Continued from the
previous post.
Although I thought I'd prepared myself, I was shocked when I finally did see T. Looking small and frail in the hospital bed, he was yellow and very weak ... and scared to death.
Because his mother didn't understand what was happening, no one had been able to explain anything to him. Well accustomed to my 'take charge' personality, he looked to me to give him a picture of what was happening. Unfortunately, I knew nothing.
Preparing to hang a second unit of blood for him, there was a problem with his IV ... a minor blockage that needed flushing, no big deal. Two nurses were in the room at the time and were muttering to each other in Creole about the IV. As happens, he was having some pain from the manipulation ... it was in the back of his bony little hand, so very sore already ... and I could see he was getting progressively more distressed.

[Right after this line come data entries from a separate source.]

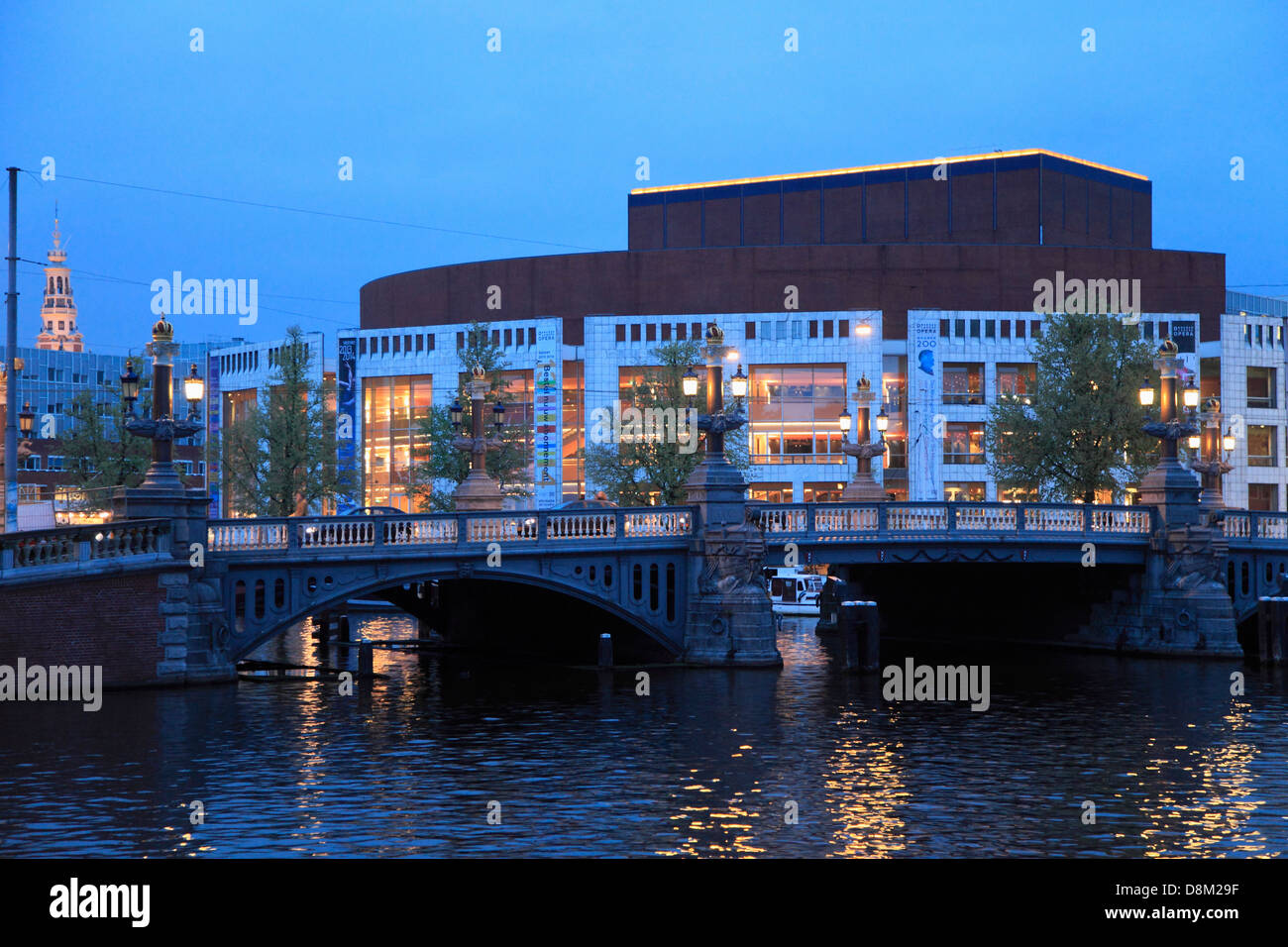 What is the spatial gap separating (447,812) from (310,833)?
7.86 feet

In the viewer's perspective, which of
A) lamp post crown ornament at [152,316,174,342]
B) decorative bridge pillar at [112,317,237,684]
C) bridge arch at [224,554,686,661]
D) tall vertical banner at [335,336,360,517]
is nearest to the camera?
lamp post crown ornament at [152,316,174,342]

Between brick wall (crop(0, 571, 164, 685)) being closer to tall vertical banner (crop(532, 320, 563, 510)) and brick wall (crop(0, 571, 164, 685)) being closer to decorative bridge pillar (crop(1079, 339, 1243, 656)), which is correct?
decorative bridge pillar (crop(1079, 339, 1243, 656))

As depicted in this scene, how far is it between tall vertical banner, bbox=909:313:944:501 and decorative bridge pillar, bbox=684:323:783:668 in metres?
68.8

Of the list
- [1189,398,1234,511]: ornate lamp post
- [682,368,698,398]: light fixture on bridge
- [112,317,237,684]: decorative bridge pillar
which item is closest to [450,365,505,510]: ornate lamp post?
[682,368,698,398]: light fixture on bridge

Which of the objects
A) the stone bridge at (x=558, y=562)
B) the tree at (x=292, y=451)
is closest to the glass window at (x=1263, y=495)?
the stone bridge at (x=558, y=562)

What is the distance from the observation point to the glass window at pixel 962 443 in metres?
114

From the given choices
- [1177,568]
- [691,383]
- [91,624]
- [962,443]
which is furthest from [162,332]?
[962,443]

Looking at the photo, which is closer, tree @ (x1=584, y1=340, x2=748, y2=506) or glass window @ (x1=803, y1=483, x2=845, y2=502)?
tree @ (x1=584, y1=340, x2=748, y2=506)

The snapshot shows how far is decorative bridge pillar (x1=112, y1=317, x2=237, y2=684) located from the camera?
3741 cm

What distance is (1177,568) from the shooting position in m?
49.9

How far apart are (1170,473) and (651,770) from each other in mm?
28773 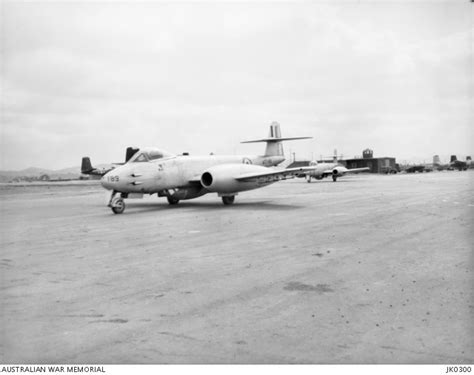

Finally, after a valiant effort to be brave, he broke down in tears, squeezed my hand he'd been holding, and asked pitifully, "Are they going to have to cut my hand off?"
That's how little he grasped of what was happening around him, and what could happen to him.
A while later, four doctors came into the room. They did their incoherent muttering to each other for a minute or two, then I asked if someone could give me an idea of what was going on.
The boss doctor asked who I was. I told him I had been T's foster mother for a number of years and explained we remained close. He flat out refused to tell me anything, saying he'd already explained everything to T's mother and wasn't about to repeat himself.
I calmly ... at first ... explained how little she understood and how she was relying on me to liaise on her behalf, but he was having none of it.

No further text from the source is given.